23:も、もしや初夜?
お風呂に入り、いつもより入念にマッサージをされて、なんだかいつもよりうっすい、ひらっひらの夜着を用意された。
髪の毛は軽く片側に纏められ、リボン一つで、それも結び目がかなり緩くされている。
ここまでされれば、さすがに気付く。
こ、これは……初夜なのでは。
確かに、婚姻届が受理された今日は、結婚が成立した日だ。
つまりは、この世界で言うところの所謂一つの、体を許しても良い日、と言うわけで。
「まままま、まじかぁ……。心の準備……心の準備……」
一人大きなベッドのある夫婦の寝室でお茶を飲みながら、思わず口にしてしまう。
この体では未経験だが、前世では子持ちだったので勿論経験はある。
でも、それとこれとは別だ。
「うぅん。でもまぁ、ギース様なら」
これがあの、元婚約者ハティス・オルグナイトだったとしたら、とにかく目をつぶって心を閉ざして、としていたことだろう。
でも、相手はギース様だ。
彼のことは信頼できるし、愛情もしっかり感じる。
ただ、一つ気になるのはこの世界では、避妊具がまだないのだ。
今の公爵領の貧乏具合では、妊娠したとしても、少々大変なのではなかろうか、とも思う。
そんなことをツラツラと考えていると、ノックがした。
「入っても良いか?」
「あ、はい!」
思わず元気に返事をしたものだから、ギース様が笑いながら入ってきた。
「元気だな」
「いえ、そのちょっと緊張はしてます」
「だよな……。その、良いのか?」
「良いのか、とは」
「今日の今日で、とは、レダも想定外だろう?」
そう言いながら、ギース様は上着を私に掛けてくれた。
きっとぴらぴらのうっすうすの夜着が、目に入ったのだろう。
「まぁ、そうですね。ただ、私はあなたに抱かれること自体は嫌ではありません」
「レダ……!」
「ただ」
「ん? た、ただ?」
「万一すぐに妊娠をした場合、今の公爵領の状態では、と」
「ああ……」
私の言葉に、ギース様も真面目な顔になる。
「正直なところを言えば」
「はい」
「今すぐにでも、レダを抱きたい」
「あ、はい」
「ただ、レダが言うように、今の我が公爵領の惨状では、安心して子を産み、育てることもできないだろう」
彼の言葉に、ゆっくりと頷く。
私たちは、先ずは領民の生活を安定させないといけないのだ。そのために、領内を馬で駆け回ることも多いだろう。

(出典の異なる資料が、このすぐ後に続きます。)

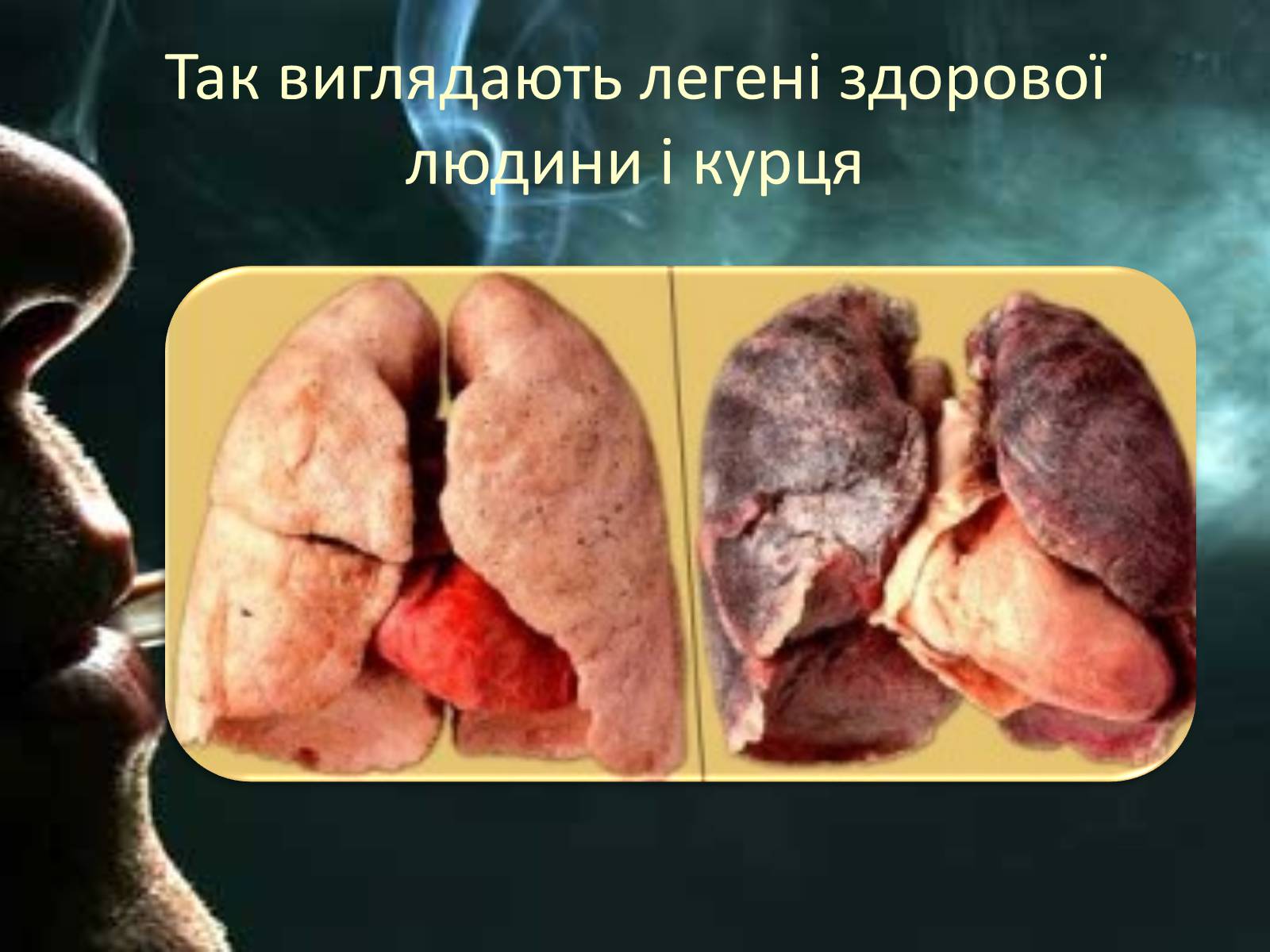 Презентація на тему «Куріння» (варіант 8) - Слайд #12 Презентація на тему «Куріння» (варіант 8) - Слайд #12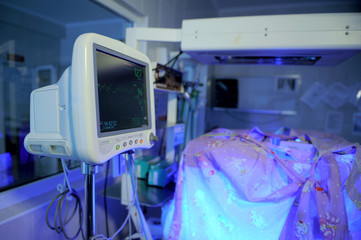 Cardiac monitor at incubator's room
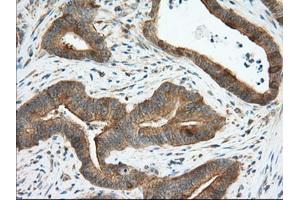 Image no. 3 for anti-Transforming, Acidic Coiled-Coil Containing Protein 3 (TACC3) antibody (ABIN1498098) (TACC3 antibody)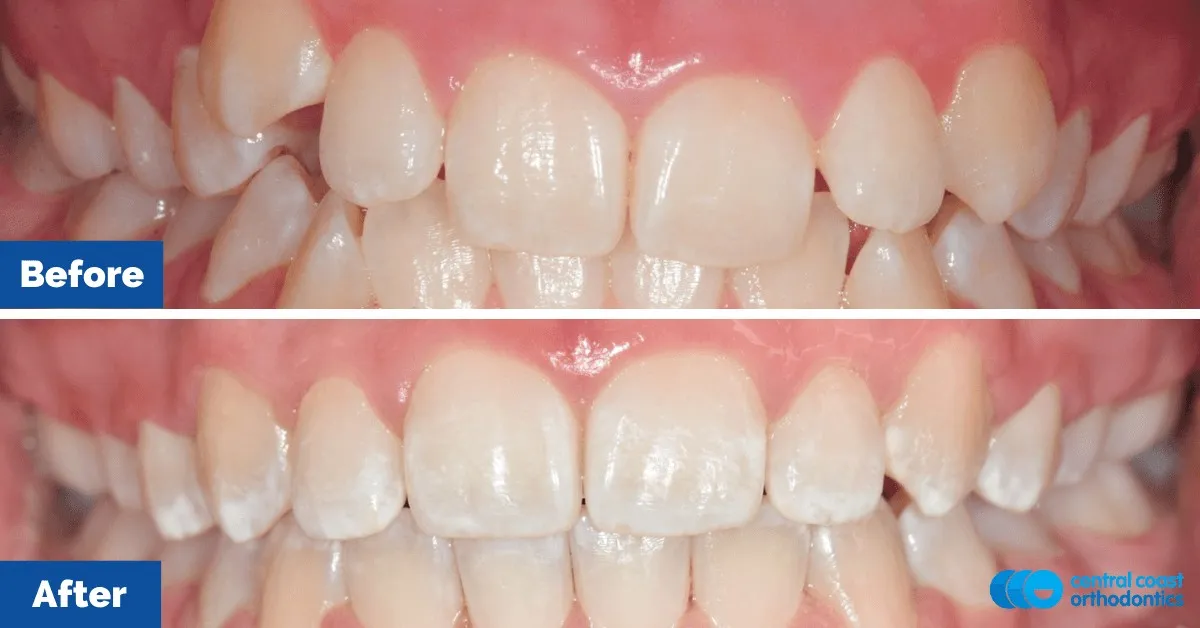 Before and after comparison, front view of the upper and lower teeth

呼ばれればすぐに様子を見に行く必要だってあるかもしれない。
「今夜は──うっ、こ、今夜は」
これは、ギース様は理性と戦っているところね。
「ギース様。一つ布団で、抱きしめ合い、子作り以外のことをしましょう」
あまりにも見ていられなくて、思わずそんな提案をしてしまった。
具体的に何をどうするとは告げなくとも。
ベッドの中で、私たちはお互いの存在を確認しあったのだった。